§ **Task objective**
Starting at the first line of the material below and stopping after the line that includes "ESR Test 🧑&zwj;⚕️👩&zwj;⚕️.", write the lines out again exactly. Drop any pictures.

####

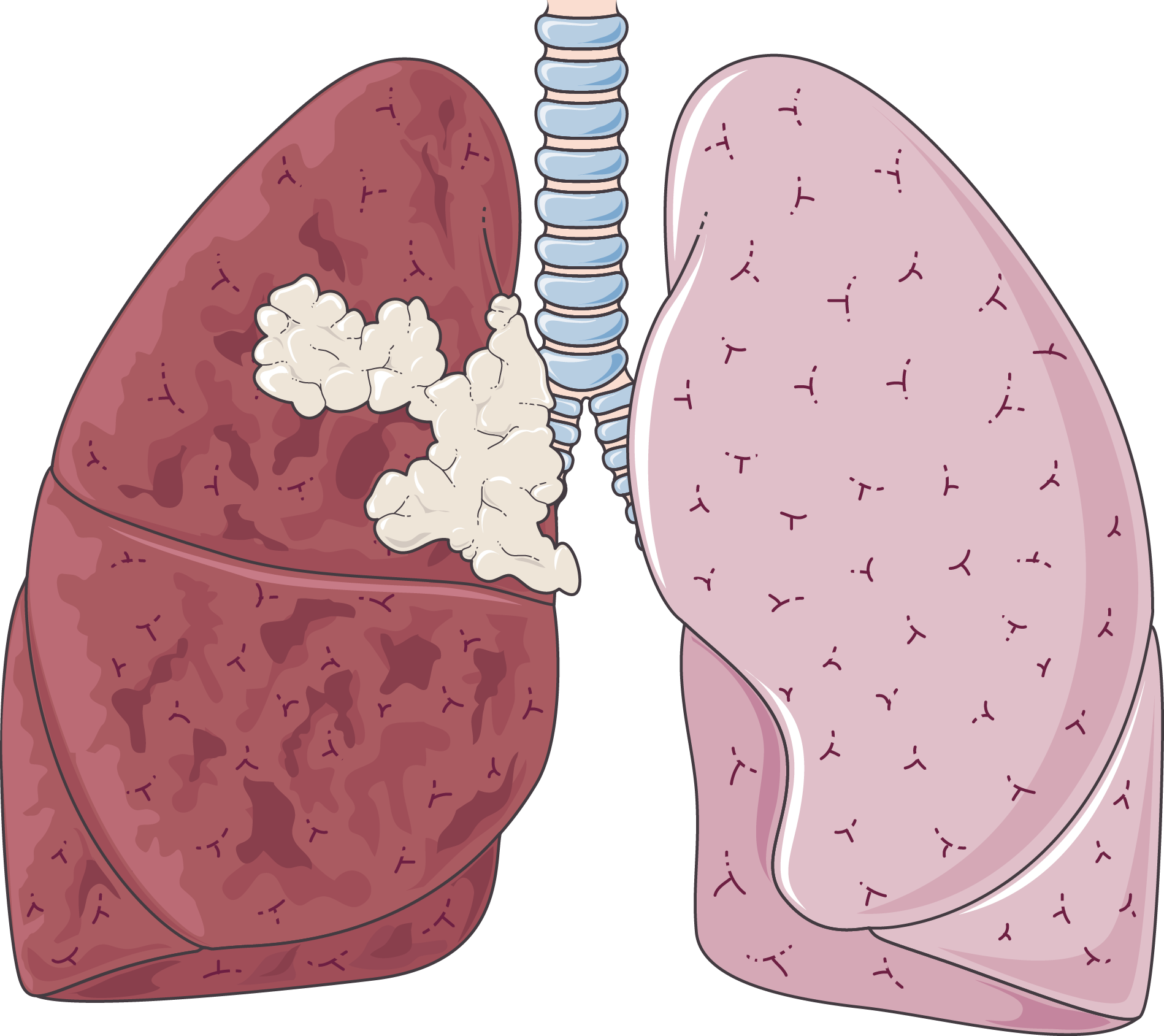 Clipart Library Clipart Lungs - Milo Yiannopoulos Twitter Roasts (1898x1689), Png Download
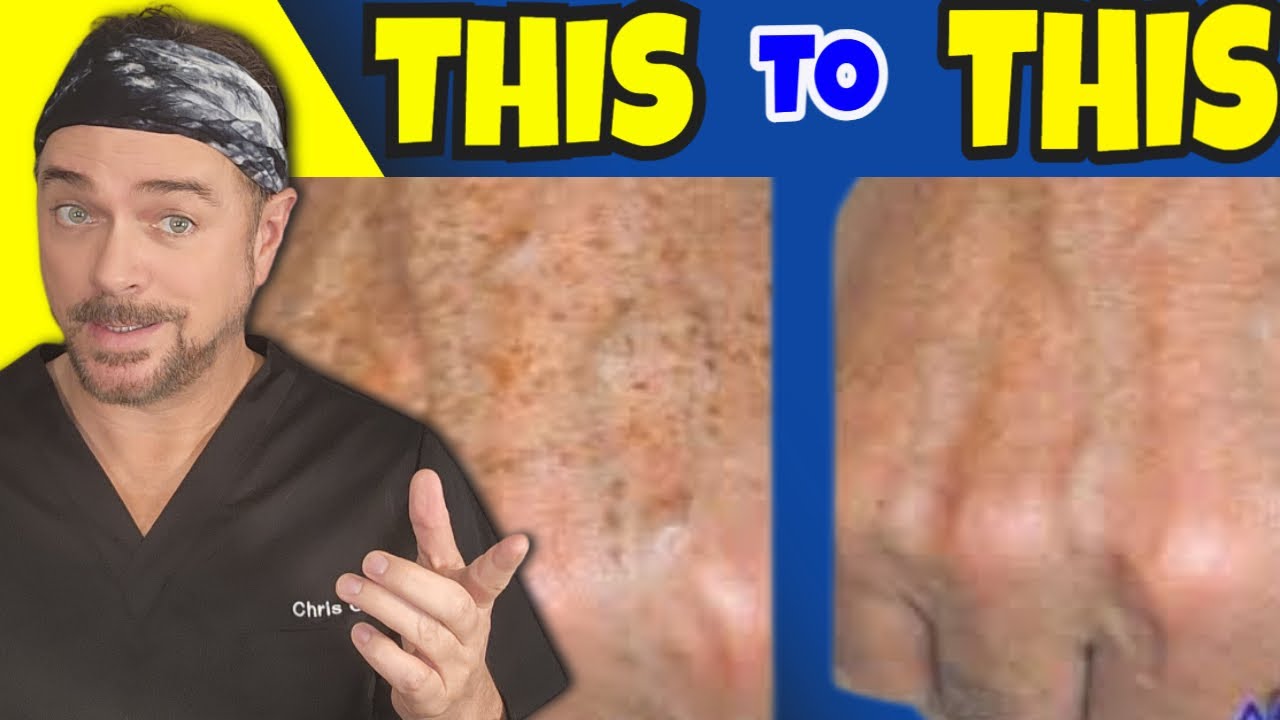 Top 3 Acids for Hyperpigmentation: Expert Anti-Aging Guide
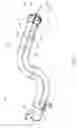Fig. 04 - WIRE-GUIDED CURETTE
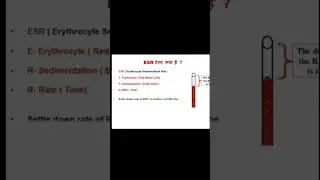 ESR Test 🧑&zwj;⚕️👩&zwj;⚕️.                          #laboratory #knowledge #exprience #viral #short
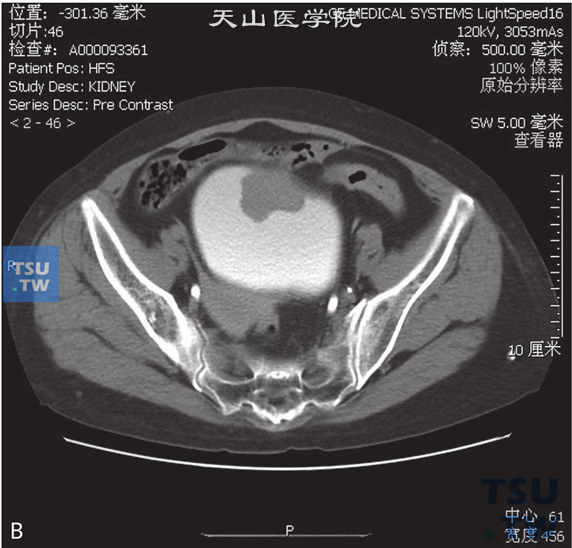 图B：CT示脐尿管癌。女，60岁，无痛肉眼血尿1个月余，尿排尽时略感疼痛。膀胱前上壁见软组织密度肿物，局部膀胱壁增厚，肿物前凸侵犯脐尿管末端，增强后明显强化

####

§ **Output for this task**
 Clipart Library Clipart Lungs - Milo Yiannopoulos Twitter Roasts (1898x1689), Png Download
 Top 3 Acids for Hyperpigmentation: Expert Anti-Aging Guide
Fig. 04 - WIRE-GUIDED CURETTE
 ESR Test 🧑&zwj;⚕️👩&zwj;⚕️.                          #laboratory #knowledge #exprience #viral #short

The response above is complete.